**What you should do**
Skip the pictures and give back the rest of the listing exactly.

**Dataset records**

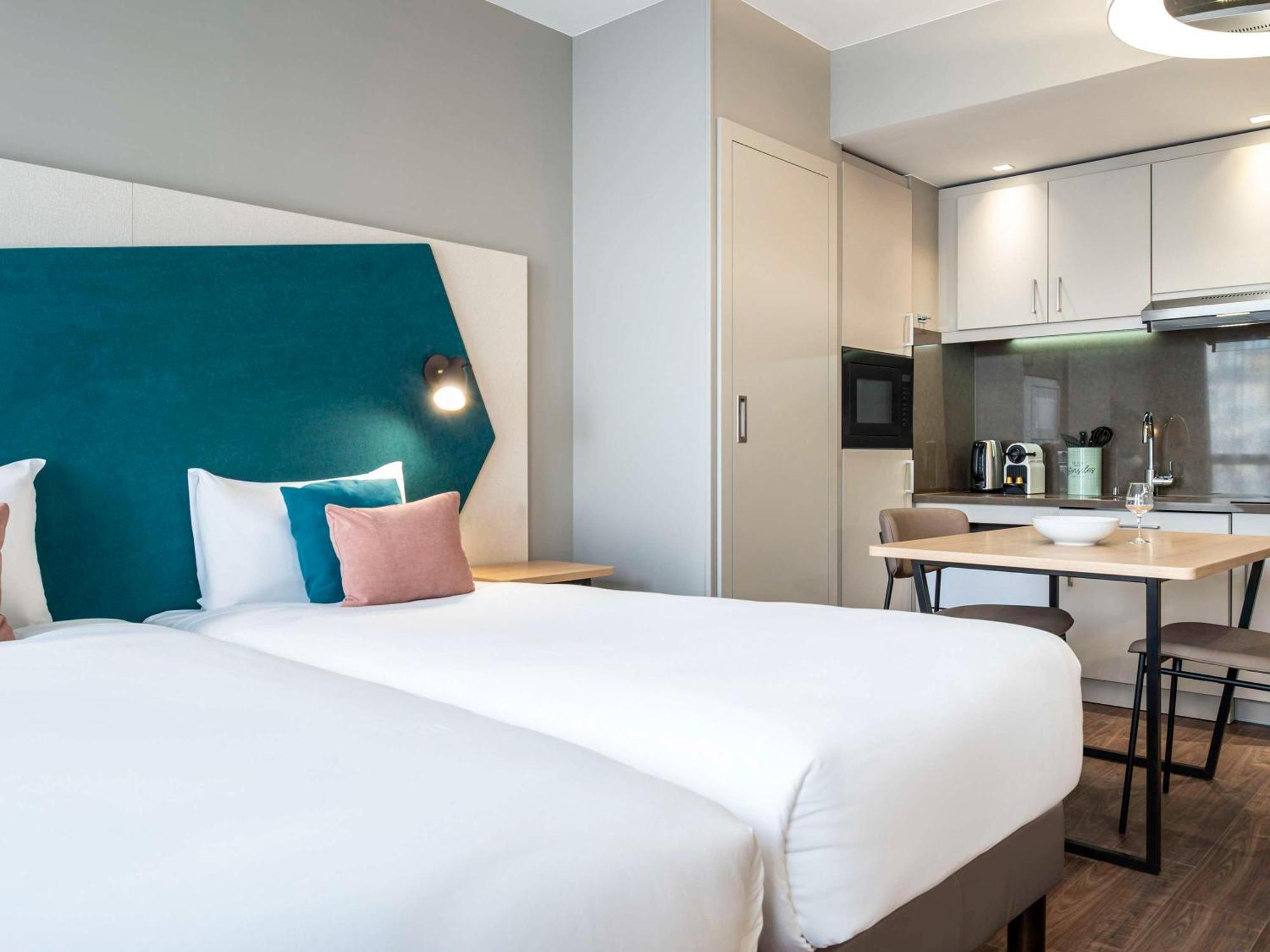Aparthotel Adagio Glasgow Central Exterior foto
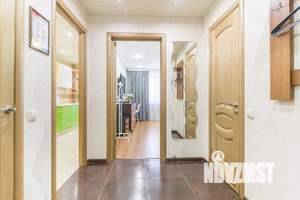 1-к квартира, посуточно, 40м2, 1/9 этаж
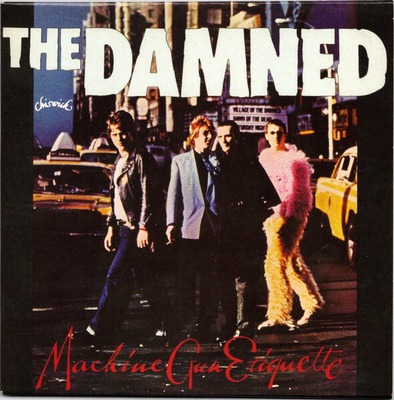 THE DAMNED Machine Gun Etiquette CD DIGIPAK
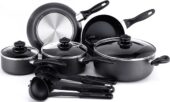 Premium 13-Piece Non-Stick Cookware Set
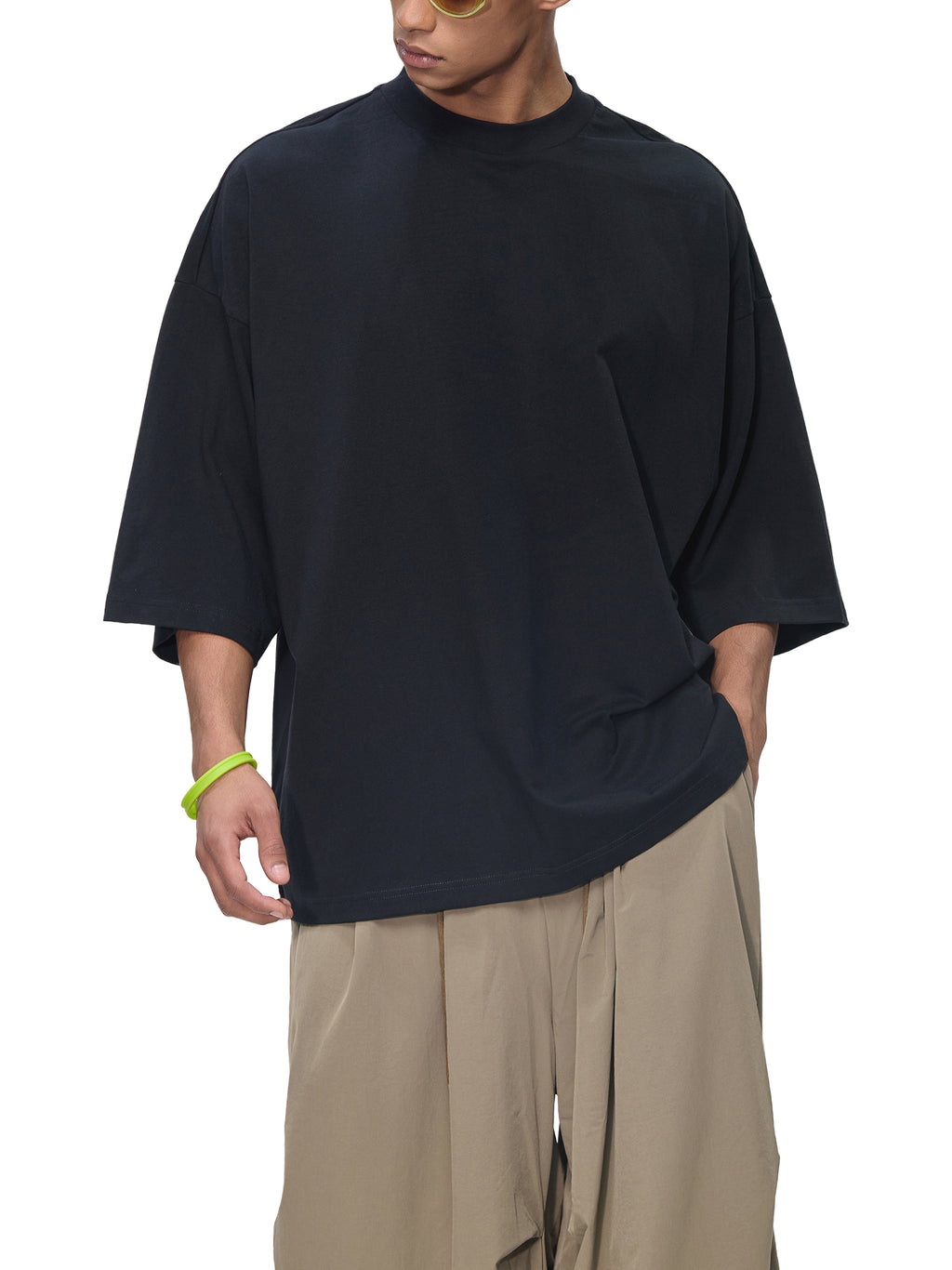 Oversized Drop Shoulder T-Shirt gallery image 7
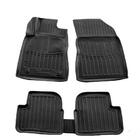 Citroen C-3 2016-2023 Alfombrillas Stingray 3D (5 uds, Poliuretano) foto 1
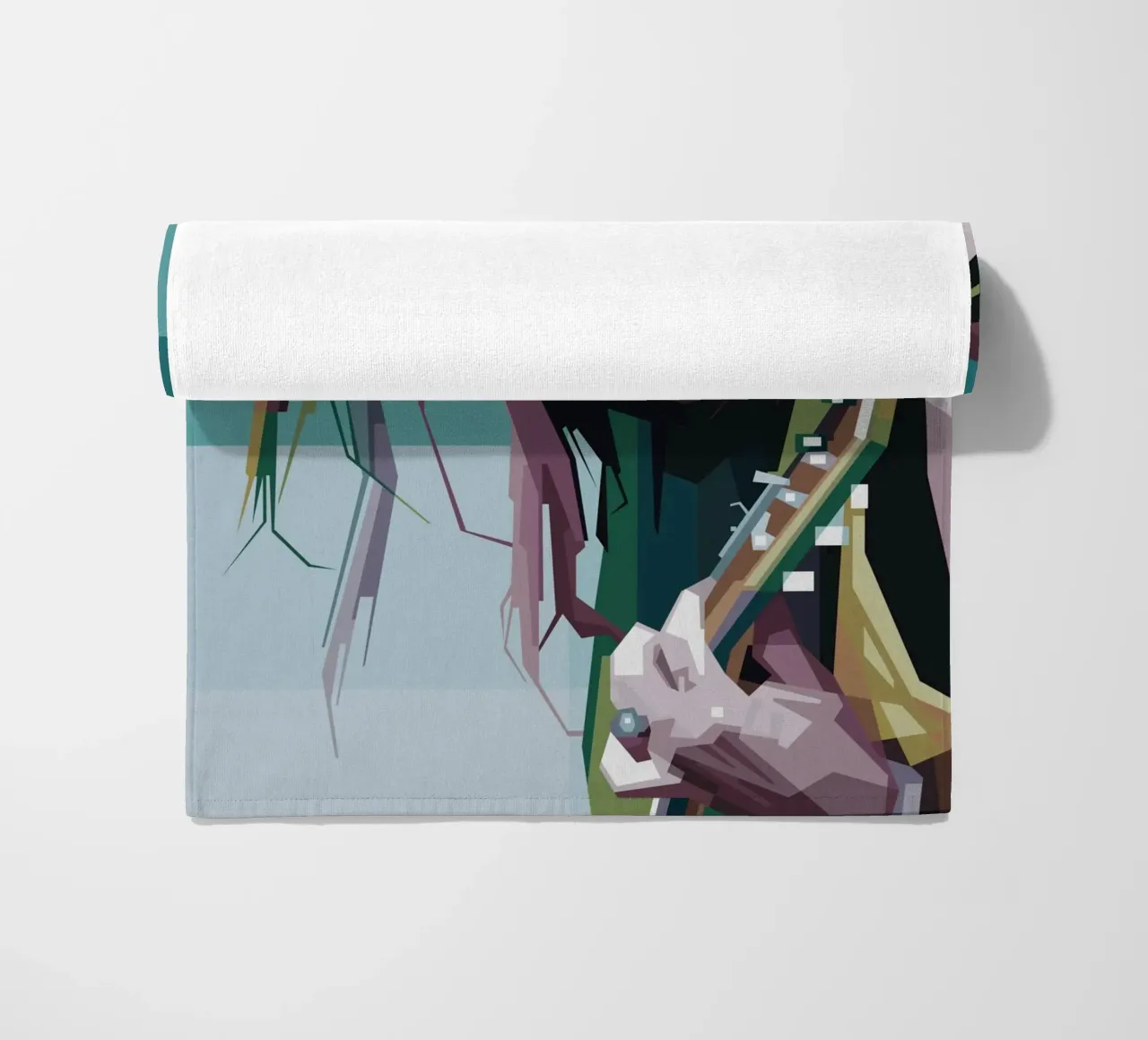Max Cavalera WPAP fanart telo mare da Alkahfsmart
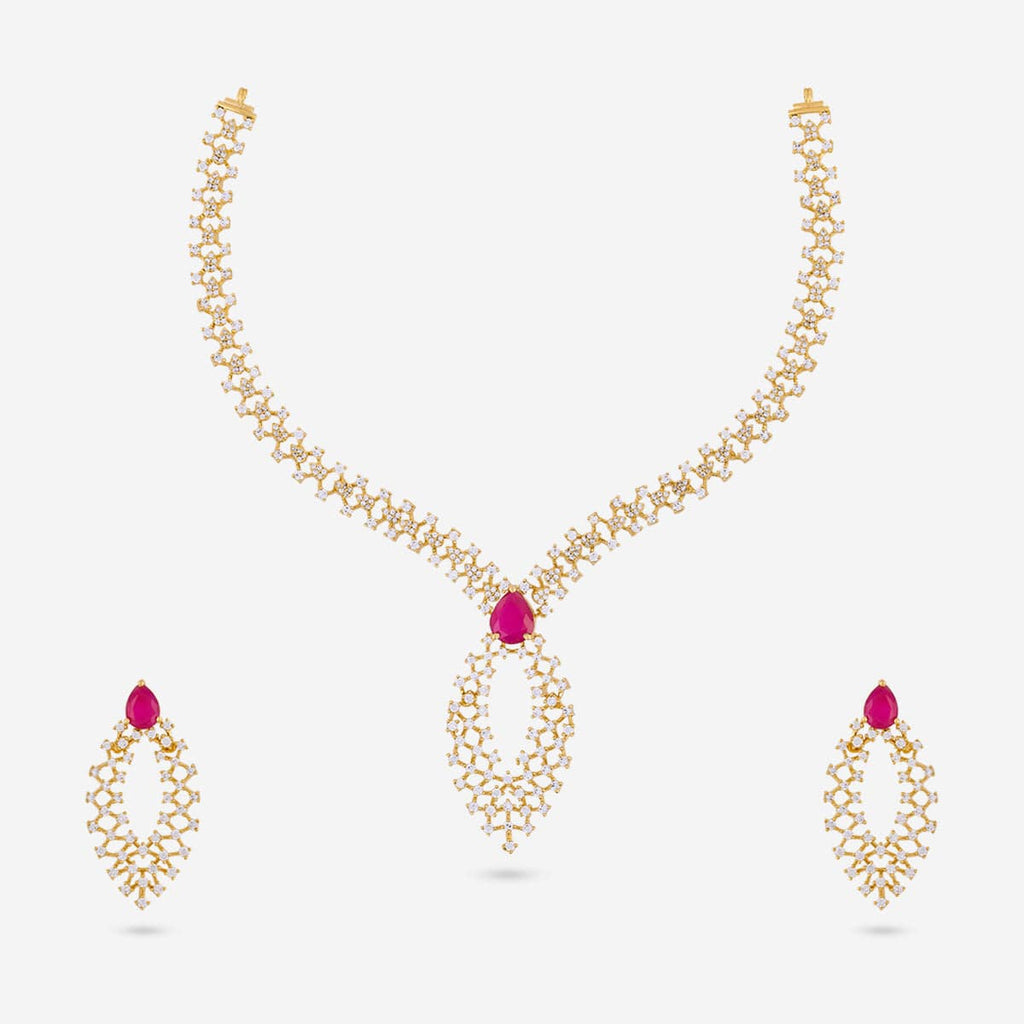 Zircon Necklace Zircon Necklace 190978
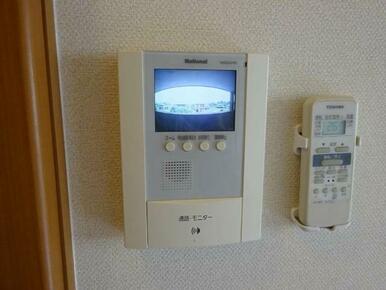 カメラ付インターホン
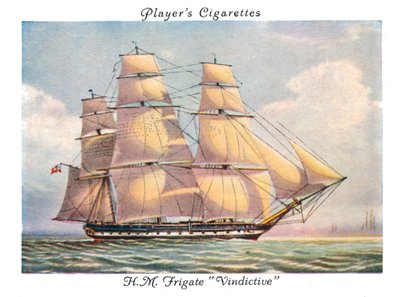 H.M.S Vindictive, 1936. av Unbekannt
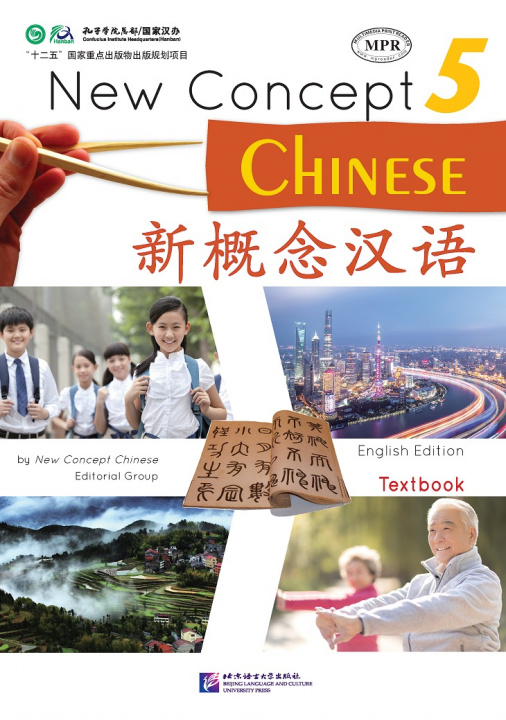Kniha NEW CONCEPT CHINESE TEXTBOOK 5 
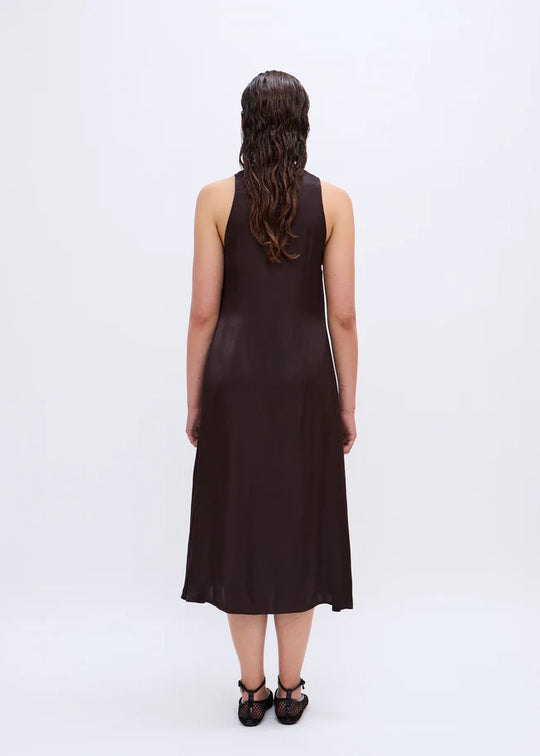 2NDDAY Amalian Viscose Blend Dress Java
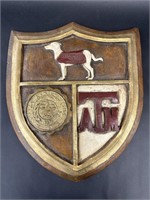 A&M University Wall Plaque Plaster Chalk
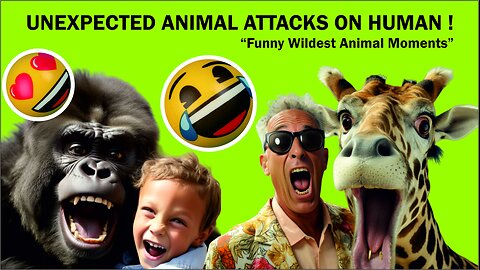 Funny Wildest Animal Moments, "Wildly Hilarious Animal Antics"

**Your response**
Aparthotel Adagio Glasgow Central Exterior foto
 1-к квартира, посуточно, 40м2, 1/9 этаж
 THE DAMNED Machine Gun Etiquette CD DIGIPAK
 Premium 13-Piece Non-Stick Cookware Set
 Oversized Drop Shoulder T-Shirt gallery image 7
 Citroen C-3 2016-2023 Alfombrillas Stingray 3D (5 uds, Poliuretano) foto 1
Max Cavalera WPAP fanart telo mare da Alkahfsmart
 Zircon Necklace Zircon Necklace 190978
 カメラ付インターホン
 H.M.S Vindictive, 1936. av Unbekannt
Kniha NEW CONCEPT CHINESE TEXTBOOK 5 
 2NDDAY Amalian Viscose Blend Dress Java
 A&M University Wall Plaque Plaster Chalk
 Funny Wildest Animal Moments, "Wildly Hilarious Animal Antics"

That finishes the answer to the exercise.